396 God created man in his image and established him in his friendship. A spiritual creature, man can live this friendship only in free submission to God. the prohibition against eating "of the tree of the knowledge of good and evil" spells this out: "for in the day that you eat of it, you shall die." The "tree of the knowledge of good and evil" symbolically evokes the insurmountable limits that man, being a creature, must freely recognize and respect with trust. Man is dependent on his Creator, and subject to the laws of creation and to the moral norms that govern the use of freedom.
One is still free to interpret the two trees literally, but the common teaching of the Church, as expressed in the Catechism, would seem to take them symbolically, the one representing the opportunity for immortality in union with God and the other representing the moral limits that man must respect or fall out of harmony with God.
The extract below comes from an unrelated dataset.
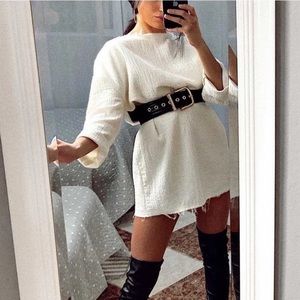 Zara linen distress mini dress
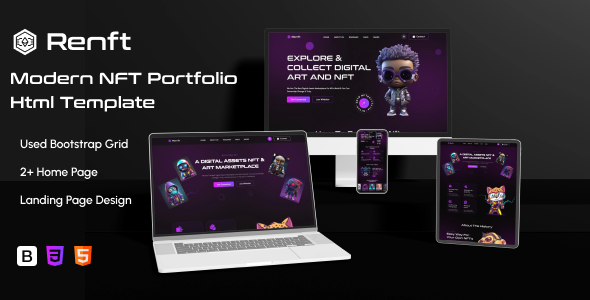 Renft – NFT Portfolio landing web page HTML Template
This moral probation was presumably unique to man, who is uniquely a moral agent in the terrestrial sphere.
Thus:
310 But why did God not create a world so perfect that no evil could exist in it? With infinite power God could always create something better. But with infinite wisdom and goodness God freely willed to create a world "in a state of journeying" towards its ultimate perfection. In God's plan this process of becoming involves the appearance of certain beings and the disappearance of others, the existence of the more perfect alongside the less perfect, both constructive and destructive forces of nature. With physical good there exists also physical evil as long as creation has not reached perfection.